I truly enjoyed my emergency medicine rotation at Woodhull Hospital in Brooklyn. I got to rotate through the critical/trauma area in addition to the main emergency room. At first I was hesitant when I saw that my schedule would mostly be overnight shifts, but I came to really appreciate my nights in the ER. My shifts were 7 PM to 7 AM. When there were less patients (usually between 3-5 AM) the PAs would take the opportunity to teach about EKGs, DKA, basic life support, and other vital ER topics. 

I got to perform many procedures, including IV placement, I&Ds, splinting, FAST exams, nasopharyngeal swabs, chest compressions, and intradermal injections. I especially enjoyed increasing my skills at suturing lacerations. I got more comfortable with placing sutures on the hands, feet and arms. I also assisted the OMFS residents with facial sutures. Assisting with more complex procedures was also helpful for my education. I observed a chest tube insertion, sono guided arterial draw,  and elbow joint aspiration.

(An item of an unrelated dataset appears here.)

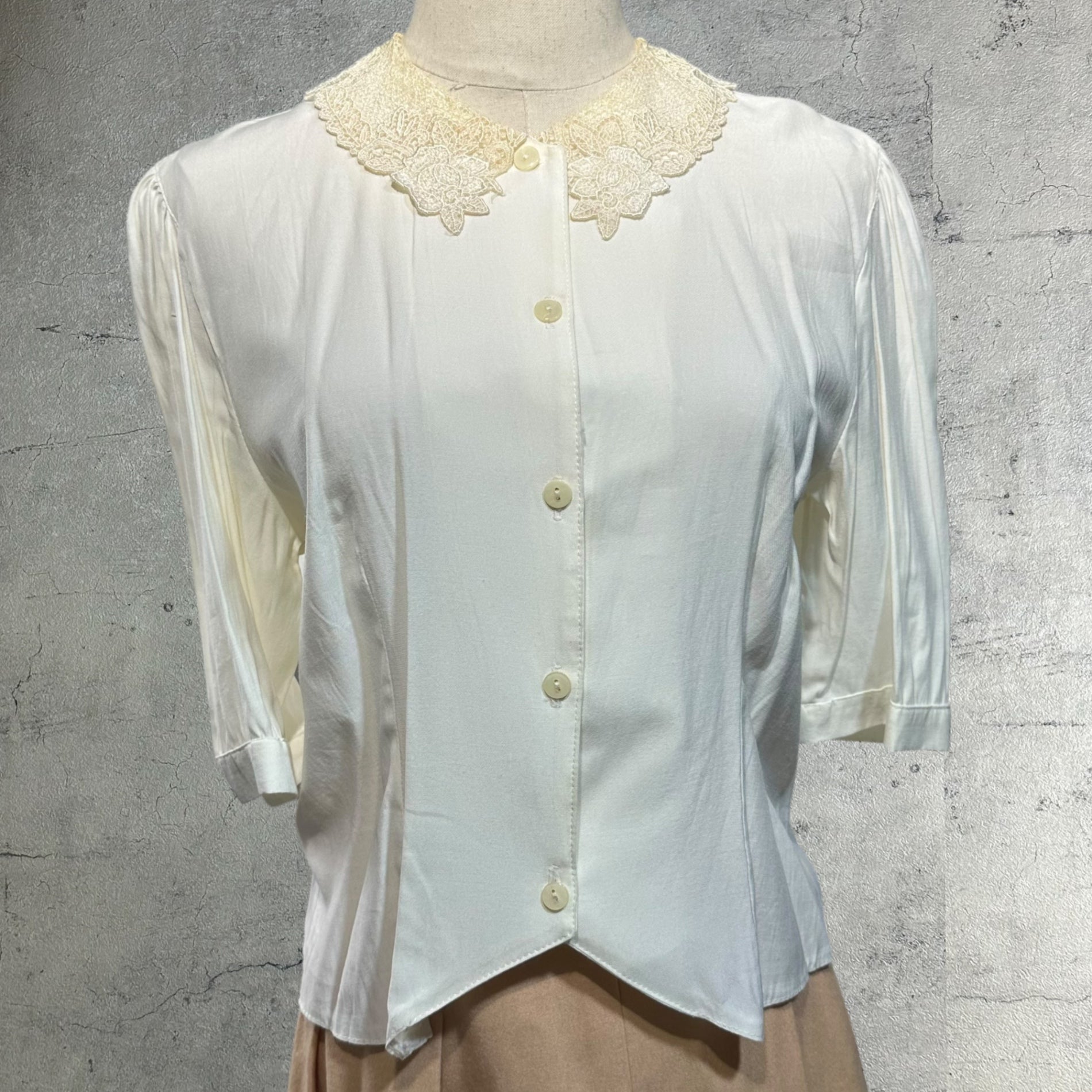Euro vintage(ヨーロッパヴィンテージ) 50's~ beige_round collar with lace  short sleeve blouse レース襟の半袖ブラウス 2(M～L程度) ベージュ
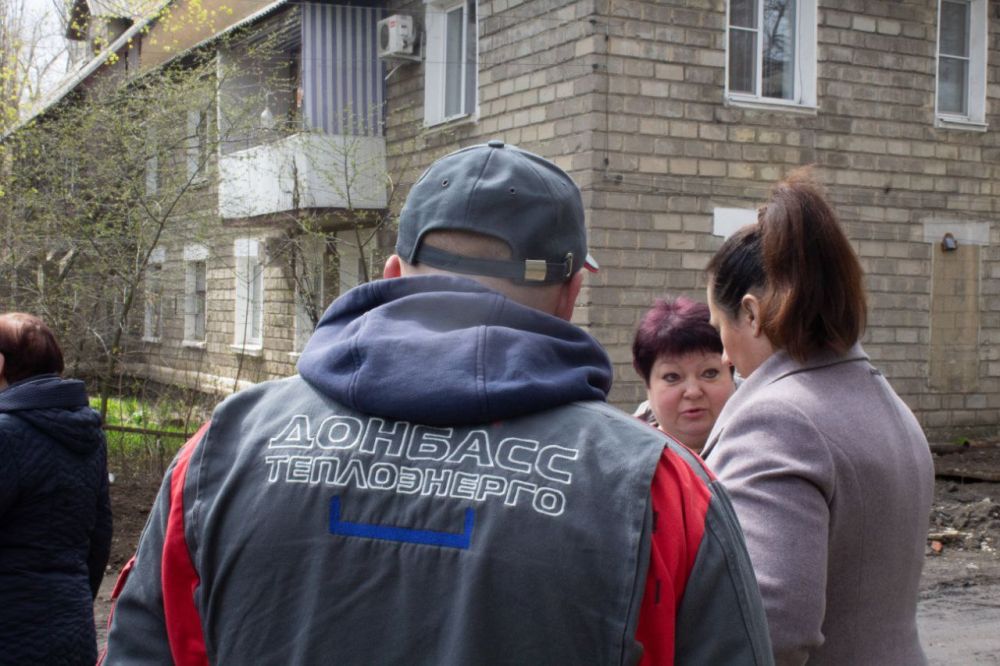 Анна Кондрыкинская: Сегодня с коллегами из Ассоциации председателей советов многоквартирных домов ДНР, руководителем филиала ГУП ДНР «Донбасстеплоэнерго» и заместителем руководителя Единого фонда по управлению МКД ДНР... Анна Кондрыкинская: Сегодня с коллегами из Ассоциации председателей советов многоквартирных домов ДНР, руководителем филиала ГУП ДНР «Донбасстеплоэнерго» и заместителем руководителя Единого фонда по управлению МКД ДНР...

Coming to the ER right after my family medicine rotation was a big change. In family medicine, the providers must manage all of the patients’ comorbidities. The doctor would make sure to schedule frequent follow ups for patients with chronic conditions so they have continuity of care. In the ER, the goal is to provide treatment for the acute concern that the patient presented with. This shift in focus was difficult for me at first. I had to get used to identifying the most urgent conditions and keeping up with the constant flow of new cases. The high patient volume encouraged me to practice taking a thorough history and physical and doing a rapid assessment. I practiced developing a differential diagnosis in my head before seeing the patient, based on their chief complaint. I then targeted my history towards my differential. I discussed the differentials with the PA and the labs and imaging that the patient may need. Some of the PAs gave me opportunities to write up notes for them and based on their critique I learned more about proper documentation.

One memorable patient encounter was a young man who came to the ER in DKA. He had extensive family history of DM 2, but had never been diagnosed with it previously. After the PA explained his diagnosis he began to cry because he was worried for his future. I sat with him for a while, spoke with him, and was able to calm him down. We talked about the medication plan and lifestyle changes that he should begin once he is discharged. Once he felt that his situation was not hopeless and he had concrete plans on how he could improve his health, he began to have a more positive outlook.